室温下Fe_(79)Ni_(19)Mn_2合金的压致bcc→hcp相变

Pressure Induced bcc→hcp Phase Transition of Fe_(79)Ni_(19)Mn_2 Alloy at Room Temperature

采用Mao-Bell型金刚石对顶砧及高压在位粉末X光衍射照相方法,研究了Fe_(79)Ni_(19)Mn_2合金在室温下,0～41.0 GPa压力范围内的压致结构相变和等温压缩行为。实验结果表明,该合金在低压时为bcc结构,在10.6 GPa压力附近出现压致bcc→hcp结构相变。二相共存压力区约12GPa。卸压到常压时,又恢复到bcc结构。用Murnaghan等温固体状态方程对合金的压缩数据进行最小二乘法拟合,得到了bcc相和hcp相的状态方程参量。对hcp相的晶格参数比小于1.633及存在宽范围的二相共存压力区进行了讨论。

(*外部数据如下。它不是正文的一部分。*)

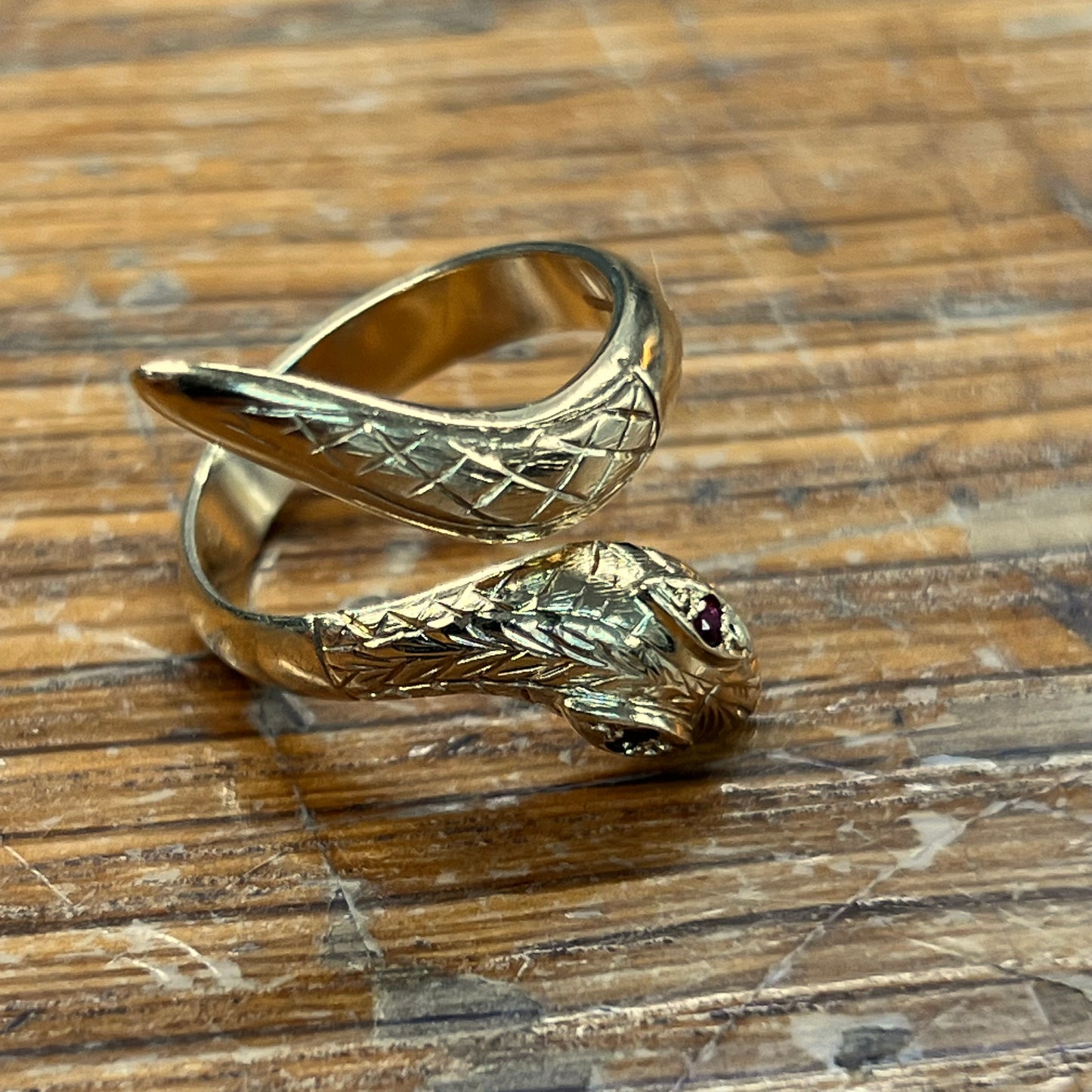 Vintage Ruby + 9ct Yellow Gold Snake Ring - Sz. 7.5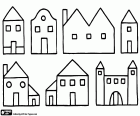 Une collection de dessins simples de différentes maisons d’un village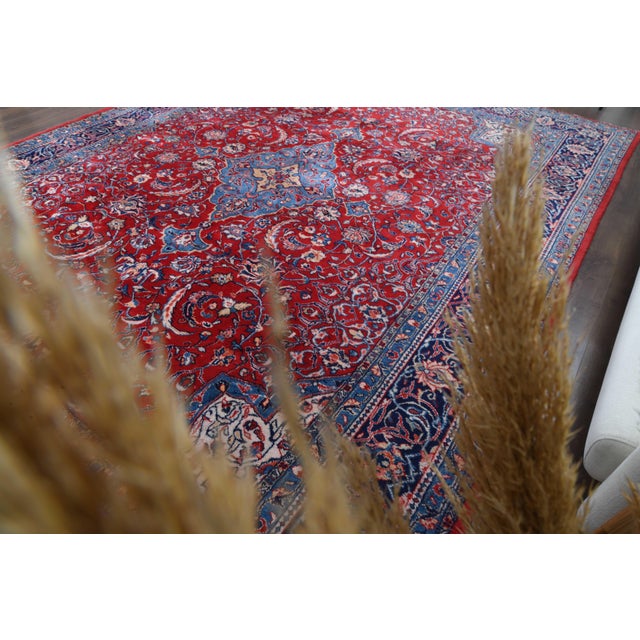 1970s Vintage Persian Handmade Wool Cotton Red Area Rug For Sale - Image 9 of 11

By use of Mao-Bell type diamond anvil cell(DAC) and an in-situ high-pressure powder X-ray diffraction method, the pressure induced phase transition and isothermal compression of Fe_(79)Ni_(19)Mn_2 (wt％) alloy were investigated at room temperature and a high pressure up to 41.0 GPa. The crystal structure of this alloy is bcc structure below 10. 6 GPa. The pressure induced bcc→hcp phase transition is occurred at 10. 6 GPa. The mean volume change for the phase transition is 0. 30±0. 02 cm^3/mol. The ratio of the lattice parameters of the hcp phase, c/a, keeps a constant with the value 1. 605±0. 003 in the pressure range from 10. 6 GPa to 41.0 GPa. The Coexistence pressure range of the bcc phase and the hcp phase is about 12 GPa, and there is the lattice spacing relationship of d_(002)_(hcp)=d_(110)_(bcc). In the course of unloading, the hcp phase can be maintained to 2. 6 GPa, and the alloy returns to the initial bcc structure entirely after the pressure is reduced to the atmosphere. The Murnaghan isothermal equations of states of the bcc phase and the hcp phase were fitted with the least-square method, for the bcc phase V_0=7. 16±0.02 cm^3/mol, B_0=123±8 GPa, B'_0=8.7±0.6, and for the hcp phase V_0=6. 73±0. 02 cm^3/mol, B_0=176±11 GPa, B'_0=5.7±0. 4. The question for the c/a ratio of the hcp phase being smaller than 1.633 and the mechanism for having wide pressure range of the two phase coexistence are discussed.